JOHANNESBURG (Reuters) – Demonstrators damaged seven of South African drug retailer Clicks Group’s (J:CLSJ) shops on Monday and forced others to close during protests over what they said was a racist advertisement posted on its website.

The advert by TRESemmé, a Unilever Plc (L:ULVR) brand, showed an image of African black hair which it described as “dry and damaged”, while an example of white hair was referred to as “fine and flat”.

The advert, posted on Clicks’ website on Friday, provoked a backlash on social media and the retailer removed it the same day. It apologized, as did TRESemmé South Africa.

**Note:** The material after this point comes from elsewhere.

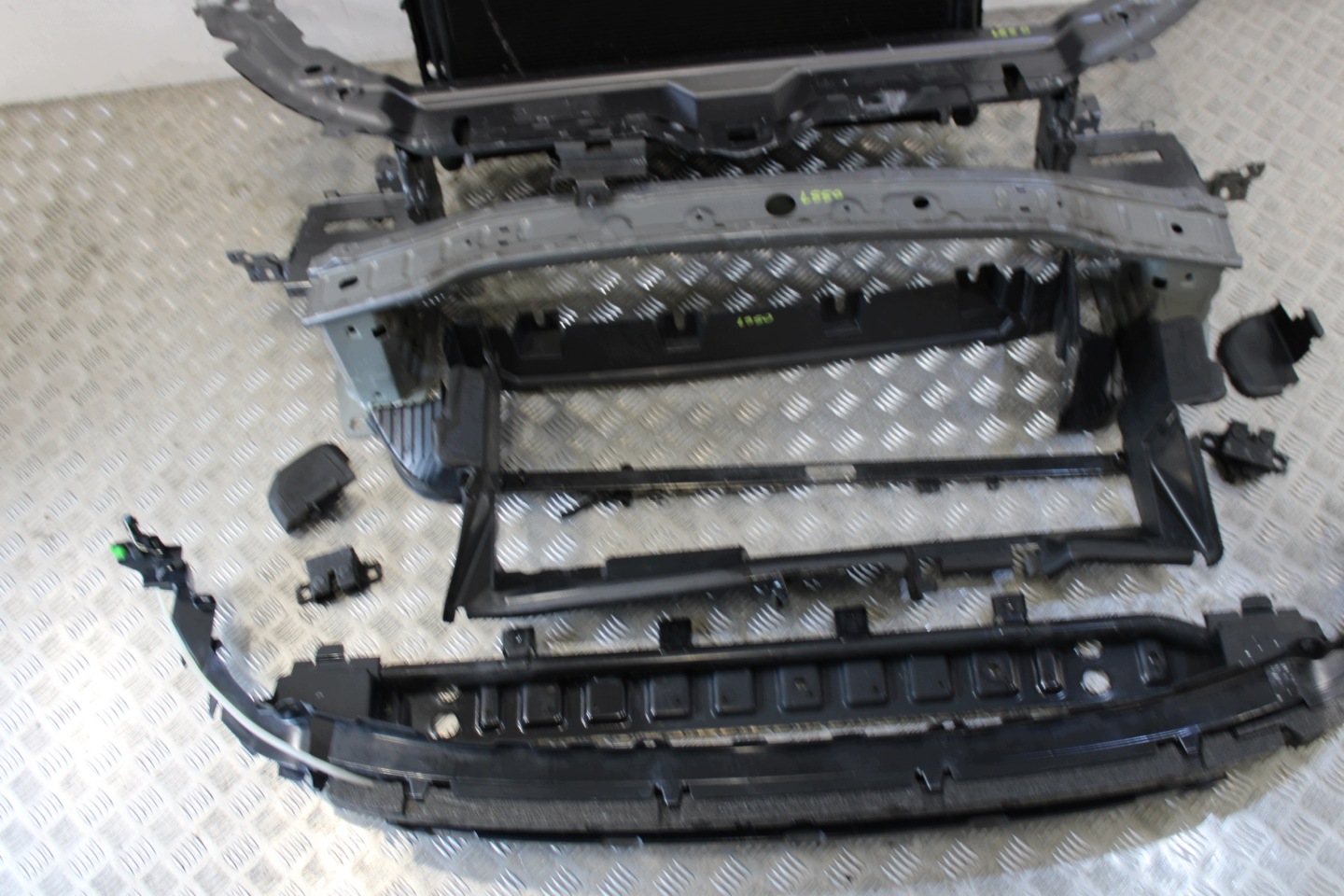 support panel for radiators radiator pillar LAND ROVER DISCOVERY SPORT L550 2.0D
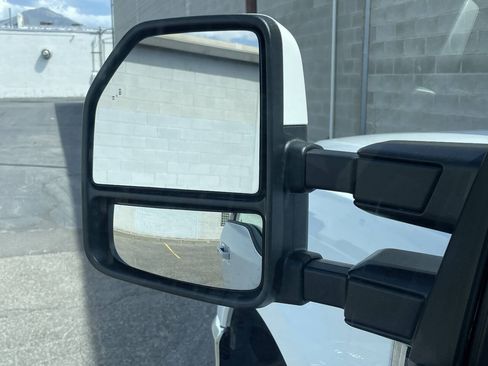Used 2022 Ford F350 Lariat w/ Lariat Ultimate Package AWD/4WD image 7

But on Monday, protesters led by hard-left party Economic Freedom Fighters (EFF) demanded Clicks stores be shut for at least a week. Some wore EFF’s trademark red hard-hats and overalls and sung struggle songs outside Clicks stores.

“White people insult us and then they apologize, they think that’s the end. We are no longer going to accept any apology which is not accompanied by justice,” EFF leader Julius Malema told supporters outside a closed Clicks store in Polokwane in the province of Limpopo. “Who is punished for projecting black people as ugly people?”

Video footage on Twitter showed protesters toppling shelves and destroying products in one store. Another, in Witbank in Mpumalanga province, appeared to have suffered fire damage.

Clicks said there were protests at 37 stores in Kwa-Zulu Natal, Gauteng and Western Cape provinces. Seven stores were damaged. It was not clear which stores had shut.

“The negligent employees have been suspended, and we have engaged the supplier, who has now also issued an apology,” Clicks Chief Executive Vikesh Ramsunder said of the advert.

Facing accusations of racial prejudice, Unilever said in June it would drop the word “fair” from its “Fair & Lovely” skin lightening products.

Many makers of consumer packaged goods have reconsidered their marketing following global protests against racial injustice. Several brands have scrapped Black advertising mascots.